Matt Ygelsias raises what FLG views as a reasonable argument:
there really are sharp limits to have far you can go with addressing education policy issues in a vacuum. The rising cost of health care, the shrinking public tolerance for tax hikes on the middle class, and the hyper-empowerment of the rich in the political system are combining to create a situation where it will be impossible to finance K-12 education in the United States. Institutions committed to “education reform” as their mission sort of can’t focus on this nexus by definition and the people who fund such outfits are generally not interested in funding talk about the desirability of higher taxes. Similarly, most American cities are in a position where if they improve their school system and hold housing policies constant, the medium-term impact will be to create a new equilibrium where poor people can’t afford to live in the city, not a new equilibrium where poor people attend the new good schools.

Matt offered this argument in support of this piece in the WaPo by Kevin G. Welner, an education professor at FLG's beloved CU. One quote sticks out in that piece:
While no researcher could offer precise numbers, regression models tend to attribute a far greater role to out-of-school factors such as parental educational level and family income.

This is obviously a very complicated issue with a variety of factors at play simultaneously. However, this sentence above does call into question the ultimate effectiveness of increasing the efforts to improve educational attainment through broader social policy.

If you look at parental income and educational attainment as the proximate cause, then it makes sense that if you simply devote more resources, .i.e. equalize parental income, then educational performance equalization would follow. But what if educational attainment and income are themselves effects of something else. What if the middle class passes along bourgeois virtues to their children? Then it will be a lot of money shifting for little payout.

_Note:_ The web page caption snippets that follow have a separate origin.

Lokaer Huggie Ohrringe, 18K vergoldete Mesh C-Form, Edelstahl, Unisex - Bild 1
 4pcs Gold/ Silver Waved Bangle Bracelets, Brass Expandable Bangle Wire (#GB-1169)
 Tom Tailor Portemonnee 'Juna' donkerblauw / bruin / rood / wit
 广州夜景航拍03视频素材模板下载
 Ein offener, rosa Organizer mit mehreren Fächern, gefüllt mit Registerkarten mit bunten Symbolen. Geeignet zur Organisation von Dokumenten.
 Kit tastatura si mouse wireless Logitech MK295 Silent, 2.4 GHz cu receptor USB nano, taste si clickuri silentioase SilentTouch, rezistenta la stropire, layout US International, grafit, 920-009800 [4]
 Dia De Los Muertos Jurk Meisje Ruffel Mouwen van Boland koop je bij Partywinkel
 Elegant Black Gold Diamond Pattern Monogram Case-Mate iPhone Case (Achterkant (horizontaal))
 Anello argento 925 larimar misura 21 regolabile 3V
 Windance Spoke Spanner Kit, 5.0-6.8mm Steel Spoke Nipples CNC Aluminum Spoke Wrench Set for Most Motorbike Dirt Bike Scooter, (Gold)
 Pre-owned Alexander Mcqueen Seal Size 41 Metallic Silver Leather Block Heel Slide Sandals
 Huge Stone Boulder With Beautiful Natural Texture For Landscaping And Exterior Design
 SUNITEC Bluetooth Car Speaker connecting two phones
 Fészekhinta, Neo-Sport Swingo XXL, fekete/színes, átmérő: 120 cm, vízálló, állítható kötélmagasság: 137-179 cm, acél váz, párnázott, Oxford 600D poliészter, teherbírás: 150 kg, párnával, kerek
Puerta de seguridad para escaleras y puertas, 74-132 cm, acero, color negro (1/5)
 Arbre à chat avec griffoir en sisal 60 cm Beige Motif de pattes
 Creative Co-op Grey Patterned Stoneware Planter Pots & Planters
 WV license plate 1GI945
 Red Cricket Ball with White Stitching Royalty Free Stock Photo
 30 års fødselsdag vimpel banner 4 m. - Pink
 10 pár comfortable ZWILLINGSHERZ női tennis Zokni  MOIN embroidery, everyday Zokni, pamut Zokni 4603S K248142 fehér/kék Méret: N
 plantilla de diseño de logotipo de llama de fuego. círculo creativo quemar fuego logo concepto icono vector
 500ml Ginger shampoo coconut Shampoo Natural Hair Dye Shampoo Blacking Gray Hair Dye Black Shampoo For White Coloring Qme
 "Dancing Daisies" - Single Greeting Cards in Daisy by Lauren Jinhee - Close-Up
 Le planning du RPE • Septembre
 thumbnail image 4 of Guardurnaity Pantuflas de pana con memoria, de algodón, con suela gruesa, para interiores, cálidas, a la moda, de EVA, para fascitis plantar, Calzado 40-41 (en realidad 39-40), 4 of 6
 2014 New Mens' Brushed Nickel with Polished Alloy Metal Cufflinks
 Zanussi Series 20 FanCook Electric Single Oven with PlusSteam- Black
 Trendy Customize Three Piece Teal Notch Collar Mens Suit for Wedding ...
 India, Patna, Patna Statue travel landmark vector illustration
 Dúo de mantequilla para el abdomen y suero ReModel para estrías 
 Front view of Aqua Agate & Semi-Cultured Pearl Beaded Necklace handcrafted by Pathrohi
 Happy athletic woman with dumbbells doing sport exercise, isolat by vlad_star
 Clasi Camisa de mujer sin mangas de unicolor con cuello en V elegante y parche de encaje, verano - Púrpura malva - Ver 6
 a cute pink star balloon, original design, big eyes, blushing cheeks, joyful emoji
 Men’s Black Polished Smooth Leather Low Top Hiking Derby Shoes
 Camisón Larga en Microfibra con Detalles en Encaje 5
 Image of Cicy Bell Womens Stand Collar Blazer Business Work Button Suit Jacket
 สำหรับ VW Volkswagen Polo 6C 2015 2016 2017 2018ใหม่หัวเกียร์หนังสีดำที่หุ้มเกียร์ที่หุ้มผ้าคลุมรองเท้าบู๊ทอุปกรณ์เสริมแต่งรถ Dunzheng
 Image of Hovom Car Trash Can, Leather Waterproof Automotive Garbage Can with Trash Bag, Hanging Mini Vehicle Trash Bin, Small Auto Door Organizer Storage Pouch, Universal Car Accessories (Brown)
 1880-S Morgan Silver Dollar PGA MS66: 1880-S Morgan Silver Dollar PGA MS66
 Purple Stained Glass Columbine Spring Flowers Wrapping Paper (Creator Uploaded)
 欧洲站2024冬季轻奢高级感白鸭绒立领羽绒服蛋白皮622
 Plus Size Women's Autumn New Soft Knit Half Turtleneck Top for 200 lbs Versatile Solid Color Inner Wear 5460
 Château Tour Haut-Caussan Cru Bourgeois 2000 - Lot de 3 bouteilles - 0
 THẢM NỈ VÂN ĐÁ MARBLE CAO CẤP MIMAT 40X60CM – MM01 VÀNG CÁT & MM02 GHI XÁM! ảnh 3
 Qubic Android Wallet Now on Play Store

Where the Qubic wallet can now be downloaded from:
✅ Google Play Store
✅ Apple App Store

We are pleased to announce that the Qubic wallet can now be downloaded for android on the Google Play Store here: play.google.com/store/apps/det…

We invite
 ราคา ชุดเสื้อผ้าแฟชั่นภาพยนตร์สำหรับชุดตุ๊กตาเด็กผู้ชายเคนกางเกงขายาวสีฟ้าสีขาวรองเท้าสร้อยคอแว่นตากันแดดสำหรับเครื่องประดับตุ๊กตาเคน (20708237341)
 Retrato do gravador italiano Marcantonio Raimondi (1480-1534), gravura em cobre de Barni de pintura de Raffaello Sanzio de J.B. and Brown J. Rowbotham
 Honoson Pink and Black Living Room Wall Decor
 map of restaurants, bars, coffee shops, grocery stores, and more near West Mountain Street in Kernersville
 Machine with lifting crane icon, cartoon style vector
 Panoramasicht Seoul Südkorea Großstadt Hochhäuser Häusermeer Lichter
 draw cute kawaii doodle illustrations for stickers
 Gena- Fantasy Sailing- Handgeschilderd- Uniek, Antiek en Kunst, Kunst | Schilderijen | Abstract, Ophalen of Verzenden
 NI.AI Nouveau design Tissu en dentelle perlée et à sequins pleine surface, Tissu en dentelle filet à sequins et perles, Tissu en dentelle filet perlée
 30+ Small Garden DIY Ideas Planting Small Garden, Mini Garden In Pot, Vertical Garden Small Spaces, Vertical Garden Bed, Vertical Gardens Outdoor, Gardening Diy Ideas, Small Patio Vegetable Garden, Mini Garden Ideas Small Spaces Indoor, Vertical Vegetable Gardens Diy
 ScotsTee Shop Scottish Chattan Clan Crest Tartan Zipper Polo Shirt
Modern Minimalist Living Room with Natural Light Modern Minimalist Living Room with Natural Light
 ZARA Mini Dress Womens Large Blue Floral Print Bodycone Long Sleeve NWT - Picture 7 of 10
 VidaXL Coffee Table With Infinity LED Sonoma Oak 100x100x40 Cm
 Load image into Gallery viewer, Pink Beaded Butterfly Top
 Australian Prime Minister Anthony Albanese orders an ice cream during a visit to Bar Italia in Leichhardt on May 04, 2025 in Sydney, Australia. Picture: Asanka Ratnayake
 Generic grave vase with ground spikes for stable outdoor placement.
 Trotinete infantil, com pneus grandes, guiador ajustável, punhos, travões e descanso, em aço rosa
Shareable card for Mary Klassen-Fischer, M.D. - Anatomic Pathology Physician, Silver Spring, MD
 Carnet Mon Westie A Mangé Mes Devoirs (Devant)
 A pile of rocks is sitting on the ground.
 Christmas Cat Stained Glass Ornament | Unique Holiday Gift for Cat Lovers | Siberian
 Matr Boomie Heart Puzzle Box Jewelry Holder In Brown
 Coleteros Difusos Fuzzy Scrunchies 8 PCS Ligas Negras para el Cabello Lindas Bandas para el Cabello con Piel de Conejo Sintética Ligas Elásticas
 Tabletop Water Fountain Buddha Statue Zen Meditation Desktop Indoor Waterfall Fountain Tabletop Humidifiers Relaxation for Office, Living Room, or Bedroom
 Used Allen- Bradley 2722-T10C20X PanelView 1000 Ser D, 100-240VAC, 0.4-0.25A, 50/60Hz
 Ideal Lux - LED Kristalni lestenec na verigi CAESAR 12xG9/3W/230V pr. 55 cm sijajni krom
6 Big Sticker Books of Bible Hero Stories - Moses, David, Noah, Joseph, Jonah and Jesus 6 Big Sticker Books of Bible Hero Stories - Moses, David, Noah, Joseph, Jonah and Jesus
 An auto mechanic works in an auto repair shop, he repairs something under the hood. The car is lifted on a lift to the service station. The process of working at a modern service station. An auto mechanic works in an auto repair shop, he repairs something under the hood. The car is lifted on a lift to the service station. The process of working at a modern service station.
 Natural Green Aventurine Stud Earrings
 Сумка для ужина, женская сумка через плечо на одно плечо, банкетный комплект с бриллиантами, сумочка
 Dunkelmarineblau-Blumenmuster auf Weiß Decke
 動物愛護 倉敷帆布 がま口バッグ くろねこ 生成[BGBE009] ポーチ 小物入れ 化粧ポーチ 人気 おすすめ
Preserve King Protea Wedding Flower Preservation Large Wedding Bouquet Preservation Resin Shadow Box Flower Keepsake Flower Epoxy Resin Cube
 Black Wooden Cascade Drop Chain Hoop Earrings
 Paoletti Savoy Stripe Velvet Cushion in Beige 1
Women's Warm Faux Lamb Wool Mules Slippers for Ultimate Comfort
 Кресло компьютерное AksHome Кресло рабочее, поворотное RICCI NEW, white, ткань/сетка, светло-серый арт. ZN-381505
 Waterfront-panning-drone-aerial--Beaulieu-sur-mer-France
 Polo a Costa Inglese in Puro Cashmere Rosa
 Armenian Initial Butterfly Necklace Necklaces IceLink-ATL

Now, FLG doesn't fully believe that. On an absolute level, we can greatly improve the quality of education in this country. But if you want relative improvement, then FLG isn't so sure resources are going to solve the problem. No amount government funds are going to change that Miss FLG has two parents who graduated from college, care about her education, and will make it a major priority. It's not simply that we have financial resources. It's that we have intellectual, emotional, and cultural resources and habits that we will give to her.

FLG guesses his point is that he'd like every American child to flourish to their highest potential. And we, as a nation, need to work toward that end within the constraints of our limited resources and other competing priorities. But the child of two lawyers or doctors or professors or whatever is always going to have a huge advantage over other kids.

2 comments:

The Ancient said...

...if they improve their school system and hold housing policies constant, the medium-term impact will be to create a new equilibrium where poor people can’t afford to live in the city, not a new equilibrium where poor people attend the new good schools.

1) Imagine a District of Columbia where every public school is as good as NCS and St Albans.

2) "Hold housing policies constant." (This is a big nest of snakes, but let's just pretend it means something real.)

3) At what point will DC's poor be unable to live in the city? (Take your time. Try to get it right within 300 years.)

P.S. Weiner's quote is just as bad.

Andrew Stevens said...

How significant is that advantage really, though? I actually doubt it's all that large.